Other translations offered (and talked about in the Working Preacher podcast for this week) include “I retract my words and repent of dust and ashes.” Job just let’s go of all the old ways of understanding the ways of God, even repenting in dust and ashes. Another is “I withdraw my case and am finally comforted” More than letting go Job finds comfort in the unknowing.

Job finishes with everything restored, which has just felt wrong to me and many others. But maybe this is not God going back to the old ways, but Job, comforted and now at ease with God, courageously re-embracing life and having the courage to start again. You don’t get ten more children without some effort, and some hope for the future. And God chooses to bless Job, not because God must, but because God can.

I wonder in what ways might we be invited to be at ease with not knowing and still courageously embracing life? What does that even mean for us?

       3.     Mark’s story

The story we heard from Mark is a really important story. It comes at the end of the central section and acts as a pivot. It began in chapter 8 when Jesus heals a blind man brought to him by others.

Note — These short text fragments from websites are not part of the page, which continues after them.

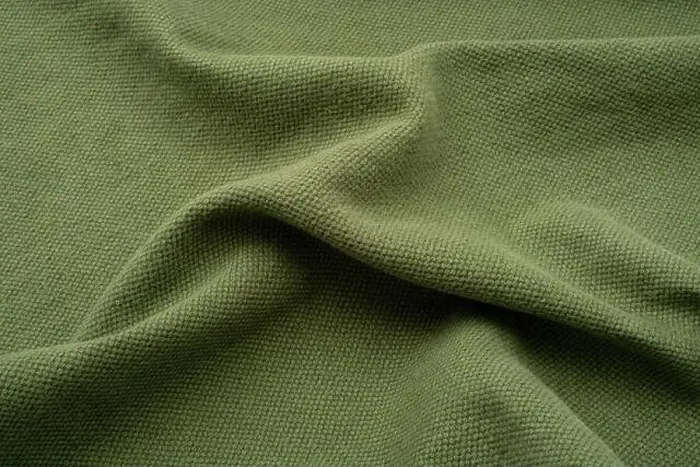 Framed Print : Textured fabric background. An olive green coloured ruched up linen Framed Print : Textured fabric background. An olive green coloured ruched up linen
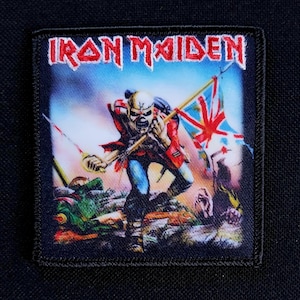 Könnte beinhalten: Ein quadratischer Aufnäher mit dem Bandnamen "Iron Maiden" in roten Buchstaben. Das Bild zeigt eine skelettartige Figur in einem roten Mantel und blauen Hosen, die ein Schwert und eine Union Jack-Flagge hält. Der Hintergrund zeigt eine Schlachtfeldszene.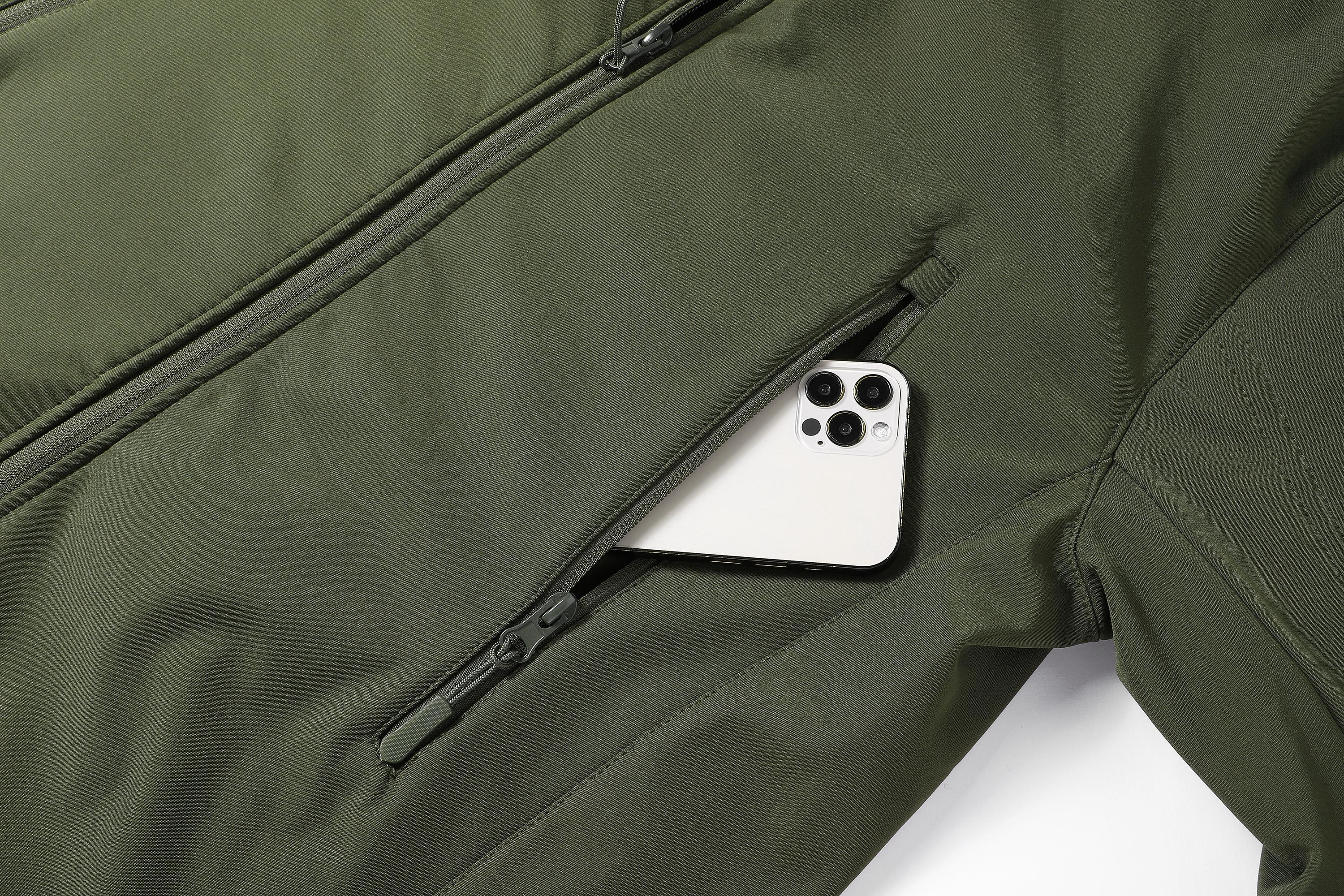 A men's hooded jacket with an outdoor and functional style features multiple zipper pockets distributed on the chest, arms, etc., making it convenient to store various small items and highly practical. Hood with drawstring closure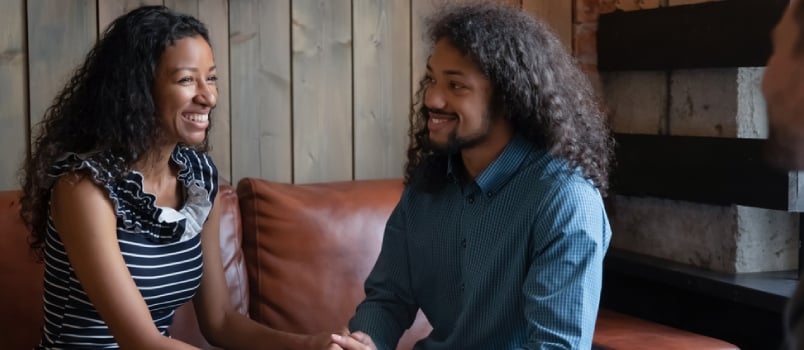 Couple Sitting on Couch at Counselor Office Looking in Each Other Eyes and Holding Hands Reconciling After Fight Giving Second Chance to Marriage
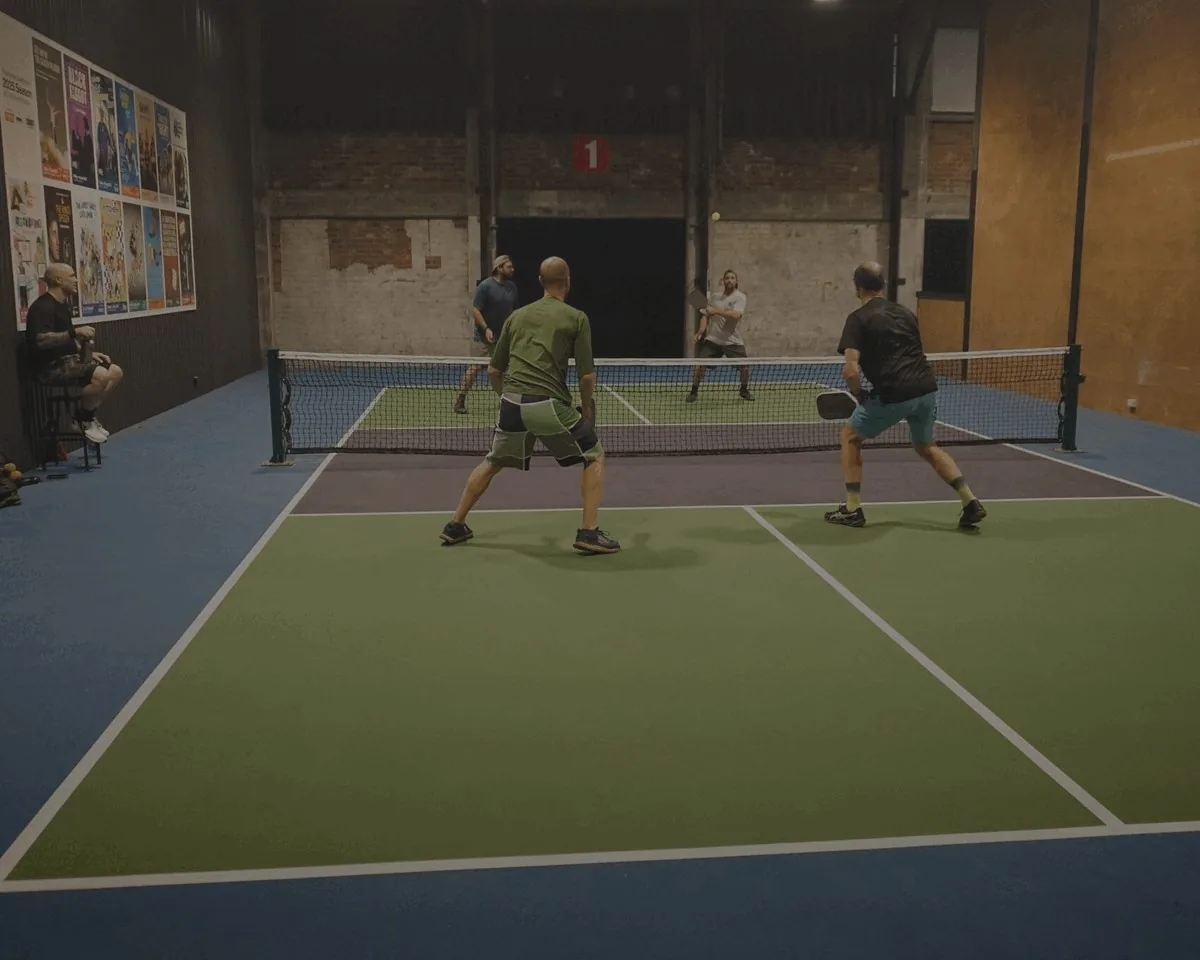Doubles game on an indoor court at picklepadel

This first takes two attempts to heal him; people look like trees moving around after the first attempt. Then Jesus teaches about his upcoming death and resurrection three times. The first leads to a heated conversation with Peter, the second to Jesus wondering what his disciples were talking about in response and finding they were discussing who was the greatest, and Jesus teaches about being a servant. There is the Transfiguration, other healings, some tricky questions about divorce and Jesus blessing some little children. Then two stories just before what we have heard.

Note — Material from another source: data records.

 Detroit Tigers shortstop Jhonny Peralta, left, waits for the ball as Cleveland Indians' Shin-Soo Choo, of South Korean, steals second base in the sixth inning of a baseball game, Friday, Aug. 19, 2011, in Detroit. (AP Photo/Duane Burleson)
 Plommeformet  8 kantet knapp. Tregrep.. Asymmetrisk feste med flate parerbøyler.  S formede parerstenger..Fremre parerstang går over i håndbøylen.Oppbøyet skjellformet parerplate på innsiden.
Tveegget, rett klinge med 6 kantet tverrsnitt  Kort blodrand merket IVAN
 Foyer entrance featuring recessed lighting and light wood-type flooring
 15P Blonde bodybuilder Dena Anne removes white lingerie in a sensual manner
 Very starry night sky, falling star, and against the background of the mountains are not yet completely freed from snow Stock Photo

In the first a rich man asks about what he must do to inherit eternal life? And at the end of the conversation Jesus invites him to “Go sell all you have and give to the poor and come follow me”. But the rich man can’t, and leaves dismayed. Which leads to teaching about the rich and eyes of needles. Hold that story in your minds for a moment.

Then, after Jesus again teaches about his upcoming death and resurrection James and John ask for a favour, to which Jesus replies “What do you want me to do for you?” And they think they ask for seats of power.

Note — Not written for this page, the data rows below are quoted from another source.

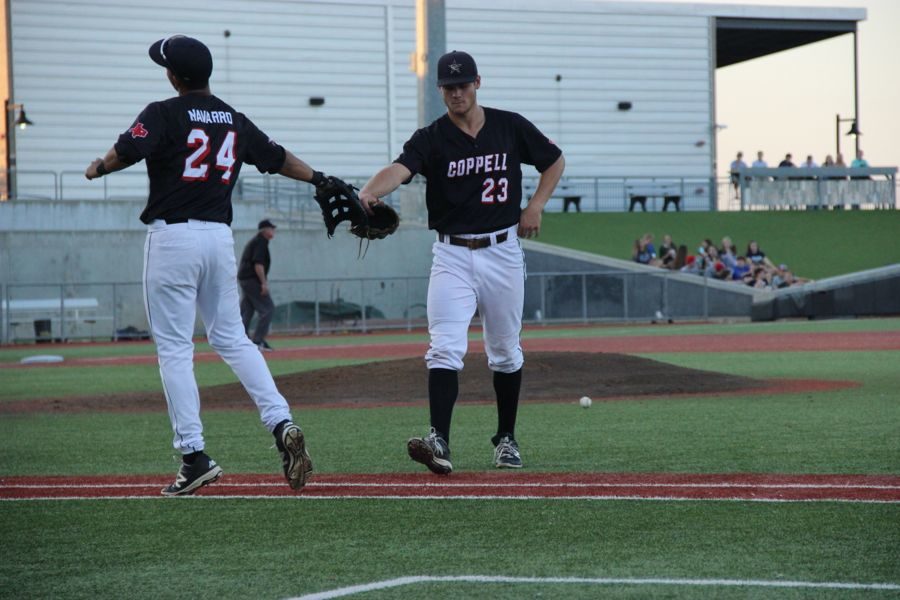 Coppell High School senior infielder Marco Navarro high fives senior pitcher Ray Gaither after recording a third inning strikeout on Friday. Cowboys beat the Jaguars 1-0 at QuickTrip Park in Grand Prairie during the Class 6A Region I quarterfinal.
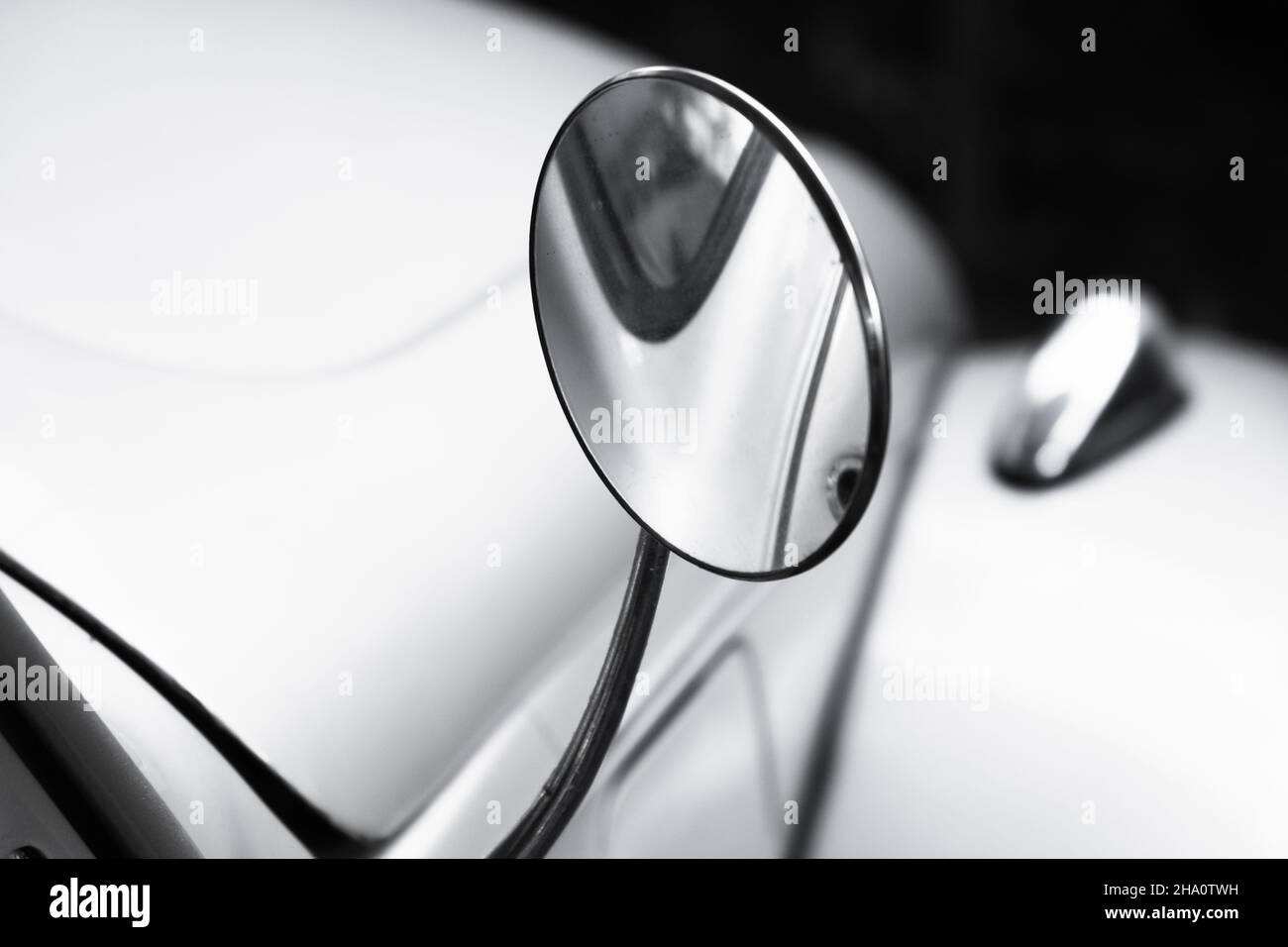 Round rearview mirror in chromed frame. Vintage car fragment, close up photo with selective soft focus Stock Photo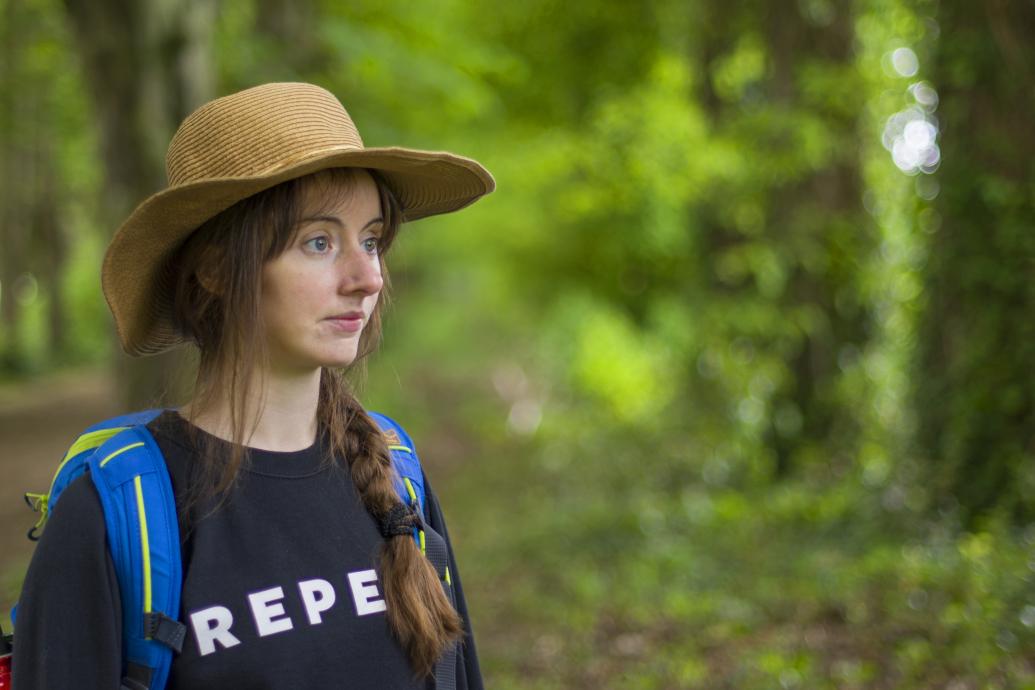 woman in a hat outdoors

All this time Jesus has come closer to Jerusalem. Now, as Jesus is leaving A blind man, Bartimaeus calls out “Jesus, son of David have mercy on me.” The title used for the first time, on the lips of an outcast. It will be used again as Jesus enters Jerusalem, and mockingly alluded to above his head as he is crucified. The crowd shush him, but he will have none of it. Then Jesus calls him. Bartimaeus leaps up and leaves his one valued possession behind, his cloak. Jesus asks, “What do you want me to do for you?”  Exactly the same question Jesus asked James and John. But Bartimaeus simply asks to see. Unlike all who have gone before in this central section, he then follows Jesus on the road to Jerusalem and all that will happen there. He is the model of try discipleship. He alone can see.

       4.     Mind Blowing

Mark began his gospel with, “Now is the time! Here comes God’s kingdom! Let that blow your mind and change your hearts and lives. And trust this good news!” (Mark 1:15). The rest of the beginning of the good news about Jesus Christ, God’s Son, (Mark’s Gospel) is about the disciples struggling with all that is happening, and having their minds blown. It takes a while before they are re-orientated to what Jesus is asking. Bartimaeus embraces it immediately. His mind is blown, and he can see, changing his hearts and life. He let go all he thought he knew and expected of God. And found God in this Galilean rabbi

  1. What do these stories offer us in these uncertain and troubling times? 
  2. In what ways are we like the disciples, or even Job’s unhelpful friends, locked into old ways of thinking and unable to see what Jesus is on about?
  3. What does it mean for us to be like Bartimaeus, true disciples, today?
  4. What are we being invited to leave behind, and where might we follow Jesus to?